I'll answer in three parts:
- Options to reduce memory consumption
- Minimalistic architecture for serverless computing
- How to get there
(I) Reducing Memory Consumption
Some handle large loads of data
If you find the scripts use more memory than you expect, the only way to reduce the memory requirements is to
- understand which parts of the scripts drive memory consumption
- refactor the scripts to use less memory
Typical issues that drive memory consumption are:
using the wrong data structure - e.g. if you have numerical data it is usually better to load the data into a numpy array as opposed to a Python array. If you create a lot of objects of custom classes, it can help to use __slots__
loading too much data into memory at once - e.g. if the processing can be split into several parts independent of each other, it may be more efficient to only load as much data as one part needs, then use a loop to process all the parts.
hold object references that are no longer needed - e.g. in the course of processing you create objects to represent or process some part of the data. If the script keeps a reference to such an object, it won't get released until the end of the program. One way around this is to use weak references, another is to use del
to dereference objects explicitely. Sometimes it also helps to call the garbage collector.
using an offline algorithm when there is an online version (for machine learning) - e.g. some of scikit's algorithms provide a version for incremental learning such as LinearRegression
=> SGDRegressior
or LogisticRegression
=> SGDClassifier
some do minor data science tasks
Some algorithms do require large amounts of memory. If using an online algorithm for incremental learning is not an option, the next best strategy is to use a service that only charges for the actual computation time/memory usage. That's what is typically referred to as serverless computing - you don't need to manage the servers (droplets) yourself.
The good news is that in principle the provider you use, Digital Ocean, provides a model that only charges for resources actually used. However this is not really serverless: it is still your task to create, start, stop and delete the droplets to actually benefit. Unless this process is fully automated, the fun factor is a bit low ;-)
(II) Minimalstic Architecture for Serverless Computing
a full dedicated 8GB / 16B droplet for my new script sounds a bit inefficient and expensive
Since your scripts run only occassionally / on a schedule, your droplet does not need to run or even exist all the time.
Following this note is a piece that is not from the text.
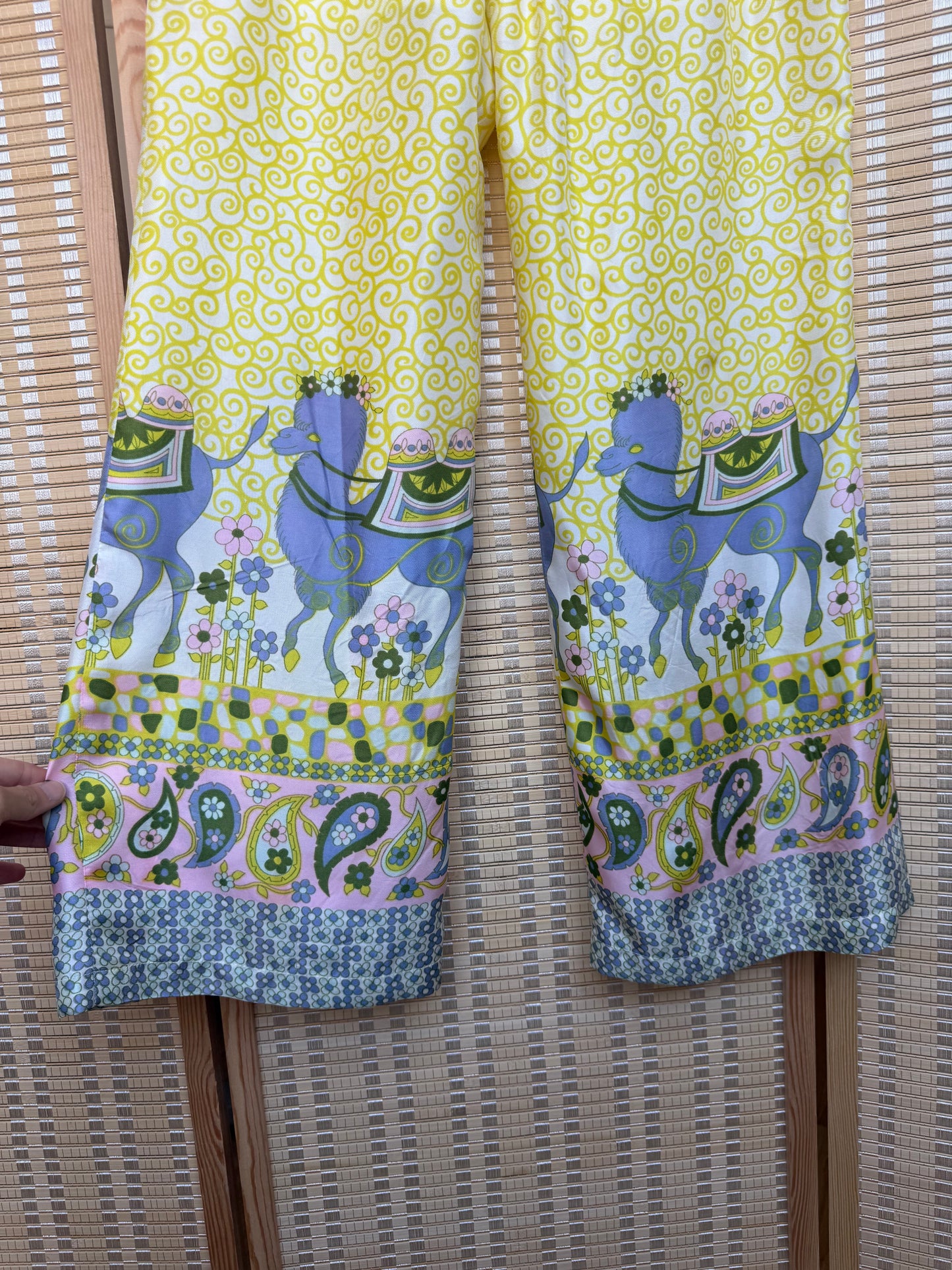 70s Yellow Silk Novelty Print Wide Leg Pant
So you could set this is up the following way:
Create a schedulding droplet. This can be of a small size. It's only purpose is to run a scheduler and to create a new droplet when a script is due, then submit the task for execution on this new worker droplet. The worker droplet can be of the specific size to accommodate the script, i.e. every script can have a droplet of whatever size it requires.
Create a generic worker. This is the program that runs upon creation of a new droplet by the scheduler. It receives as input the URL to the git repository where the actual script to be run is stored, and a location to store results. It then checks out the code from the repository, runs the scripts and stores the results.
Once the script has finished, the scheduler deletes the worker droplet.
With this approach there are still fully dedicated droplets for each script, but they only cost money while the script runs.
(III) How to get there
One option is to build an architecture as described above, which would essentially be an implementation of a minimalistic architecture for serverless computing. There are several Python libraries to interact with the Digital Ocean API. You could also use libcloud
as a generic multi-provider cloud API to make it easy(ier) to switch providers later on.
Perhaps the better alternative before building yourself is to evaluate one of the existing open source serverless options. An extensive curated list is provided by the good fellows at awesome-serverless. Note at the time of writing this, many of the open source projects are still in their early stages, the more mature options are commerical.
As always with engineering decisions, there is a trade-off between the time/cost required to build or host yourself v.s. the cost of using a readily-available commercial service. Ultimately that's a decision only you can take.